Coming Out of the Closet

It was my senior year in college.  I was the hall mentor in the freshmen and sophomore dorm.  I had a room to myself, but the door was always open unless I was studying so that guys could come by and talk.  It was about ten o’clock at night and I heard a knock on the door and outside was a friend of mine I had known for several years.  He wasn’t from my floor and didn’t come to any of the worships or Bible studies that I led, but it didn’t matter.  He just wanted to talk, so of course I said yes and we sat down on the old couch I had dug out of the trash like any good college student does.  We weren’t great friends and didn’t hang out or socialize, but we had been part of a study abroad group together for a year and knew each other more than just study partners.  I could tell he was nervous, and after a few minutes of chit chat he just came right out and said “I’m gay”.

We talked for over an hour.

He said how much of a struggle it was, because he grew up in a christian home and desperately tried not to be gay.  He didn’t want to leave church.  He tried to “pray the gay away”.  He said he had a strong relationship with Jesus, but he knew he’d no longer be accepted at church.  But he knew he was gay and he was going to accept who he was and live that way.

There was so much pain in his decision to make me the first person he told.  When I asked him why me, he said “You’re engaged to a girl you’ve been dating for 4 years.  You’re athletic, don’t like chick flicks, and are just one of the machoest guys I know.  And no matter what you never treated me different from any other guy.”

Several weeks later, another friend came to my room to share the same thing; that he was gay.  Word was out, if you were going to come out of the closet, I was the guy to talk to.  And honestly, I had no clue what I was doing.

Up until that point, homosexuality wasn’t an issue I had given much thought to.  Like most christian’s I believed it was wrong, but didn’t know anyone personally.  I joked about my “Gay-dar” and the clerks working at Express hitting on me, but it was always distant.  Never personal.

Homosexuality is THE hot button topic right now.  Most people have drawn their line in the sand before even beginning to talk about it.  Those who are anti-homosexuality have books, studies, and Bible verses to show how wrong it is.  Those in support of homosexuality are so hurt by the stance of the others that they have taken an equally irrational stance to the opposite extreme with their own books, studies, and Bible verses.  Then those who want to be in the middle defend both sides and say things like “I’m not homophobic, I have a friend who’s gay”.   It’s like people back in the eighties saying “I’m not racist, I have a friend who’s black”.  What does that have to do with anything?  Do you still see that person as different though?

Sadly, if you’re not gay, lesbian, or bisexual you most likely don’t have an experience to base any of your emotions and feelings on about the subject.  You haven’t grown up with a brother who’s gay or an aunt who’s lesbian.  You haven’t had someone come out of the closet and make you the first person they were going to tell.  And you most likely haven’t had to look into their eyes and say “I still love you.  Nothing has changed”.

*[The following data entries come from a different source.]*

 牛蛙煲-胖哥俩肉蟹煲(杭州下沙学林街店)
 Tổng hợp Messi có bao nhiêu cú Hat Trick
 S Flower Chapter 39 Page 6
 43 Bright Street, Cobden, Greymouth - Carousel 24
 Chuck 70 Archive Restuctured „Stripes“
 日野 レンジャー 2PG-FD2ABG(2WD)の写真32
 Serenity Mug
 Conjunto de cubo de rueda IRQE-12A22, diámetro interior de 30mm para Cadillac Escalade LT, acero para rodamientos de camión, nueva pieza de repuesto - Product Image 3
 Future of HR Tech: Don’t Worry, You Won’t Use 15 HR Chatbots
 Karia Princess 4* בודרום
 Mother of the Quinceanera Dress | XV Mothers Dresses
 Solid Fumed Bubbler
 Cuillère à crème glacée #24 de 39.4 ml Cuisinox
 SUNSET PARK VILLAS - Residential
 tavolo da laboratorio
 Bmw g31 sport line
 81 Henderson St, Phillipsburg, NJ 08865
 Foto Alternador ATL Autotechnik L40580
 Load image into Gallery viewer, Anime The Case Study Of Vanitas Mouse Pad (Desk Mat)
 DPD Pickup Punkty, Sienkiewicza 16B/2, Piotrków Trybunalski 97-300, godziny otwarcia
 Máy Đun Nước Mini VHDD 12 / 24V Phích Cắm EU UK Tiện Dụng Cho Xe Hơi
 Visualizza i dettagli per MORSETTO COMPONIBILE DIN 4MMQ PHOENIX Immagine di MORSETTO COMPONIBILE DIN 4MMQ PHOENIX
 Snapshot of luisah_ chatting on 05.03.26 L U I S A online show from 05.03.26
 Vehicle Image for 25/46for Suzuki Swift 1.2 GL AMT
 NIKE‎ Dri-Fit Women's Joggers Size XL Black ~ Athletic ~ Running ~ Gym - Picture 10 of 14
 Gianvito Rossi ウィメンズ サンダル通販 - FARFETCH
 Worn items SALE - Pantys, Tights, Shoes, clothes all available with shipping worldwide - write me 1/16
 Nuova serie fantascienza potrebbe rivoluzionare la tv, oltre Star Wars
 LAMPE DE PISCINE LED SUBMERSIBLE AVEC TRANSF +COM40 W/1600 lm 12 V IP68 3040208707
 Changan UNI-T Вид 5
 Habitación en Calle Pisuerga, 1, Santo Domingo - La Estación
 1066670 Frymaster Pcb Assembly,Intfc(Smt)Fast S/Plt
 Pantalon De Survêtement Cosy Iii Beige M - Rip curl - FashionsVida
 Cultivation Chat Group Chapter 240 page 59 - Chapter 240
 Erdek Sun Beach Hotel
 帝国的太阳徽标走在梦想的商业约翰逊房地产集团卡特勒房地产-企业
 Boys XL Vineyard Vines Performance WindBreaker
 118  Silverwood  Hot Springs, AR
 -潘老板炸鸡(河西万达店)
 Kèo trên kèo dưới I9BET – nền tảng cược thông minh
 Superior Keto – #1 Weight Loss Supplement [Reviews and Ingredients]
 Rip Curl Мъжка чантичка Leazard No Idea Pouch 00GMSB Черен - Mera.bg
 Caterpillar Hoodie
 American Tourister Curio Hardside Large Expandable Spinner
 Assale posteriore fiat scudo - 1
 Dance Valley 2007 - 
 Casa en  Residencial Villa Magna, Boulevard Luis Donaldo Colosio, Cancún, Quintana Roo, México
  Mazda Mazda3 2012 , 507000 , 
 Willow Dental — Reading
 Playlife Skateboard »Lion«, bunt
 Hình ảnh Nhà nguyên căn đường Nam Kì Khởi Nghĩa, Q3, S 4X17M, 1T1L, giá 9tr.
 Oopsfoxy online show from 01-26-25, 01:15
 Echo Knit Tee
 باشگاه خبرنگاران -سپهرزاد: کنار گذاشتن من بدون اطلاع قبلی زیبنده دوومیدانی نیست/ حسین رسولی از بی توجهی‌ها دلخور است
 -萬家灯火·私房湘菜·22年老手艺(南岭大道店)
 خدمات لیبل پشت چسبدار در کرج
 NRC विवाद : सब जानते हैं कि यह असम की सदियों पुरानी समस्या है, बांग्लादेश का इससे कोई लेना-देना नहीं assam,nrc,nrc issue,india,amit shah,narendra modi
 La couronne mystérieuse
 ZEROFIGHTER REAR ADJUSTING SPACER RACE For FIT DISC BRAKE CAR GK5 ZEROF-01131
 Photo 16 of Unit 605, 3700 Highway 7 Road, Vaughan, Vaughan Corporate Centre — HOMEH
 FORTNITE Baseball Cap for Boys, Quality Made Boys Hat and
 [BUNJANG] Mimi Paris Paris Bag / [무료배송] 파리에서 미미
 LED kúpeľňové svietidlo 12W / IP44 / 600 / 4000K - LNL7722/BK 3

The whole Homosexuality debate isn’t like picking a sports team.  You can’t just throw on your jersey to cheer blindly for your team and get in fist fights with fans from the other team.  It’s not about choosing sides.  Whenever the debate starts, I always go back to that moment in college when I was told “You don’t treat me any different”.  Why would I?  Why would him coming out of the closet change that either?

There are bigger issues in this world that cause so much more harm than homosexuality.  Things worth spend time debating, protesting, and raising awareness for.  War, Disease, Poverty, Hunger, Human Trafficking, Slavery, Child Abuse…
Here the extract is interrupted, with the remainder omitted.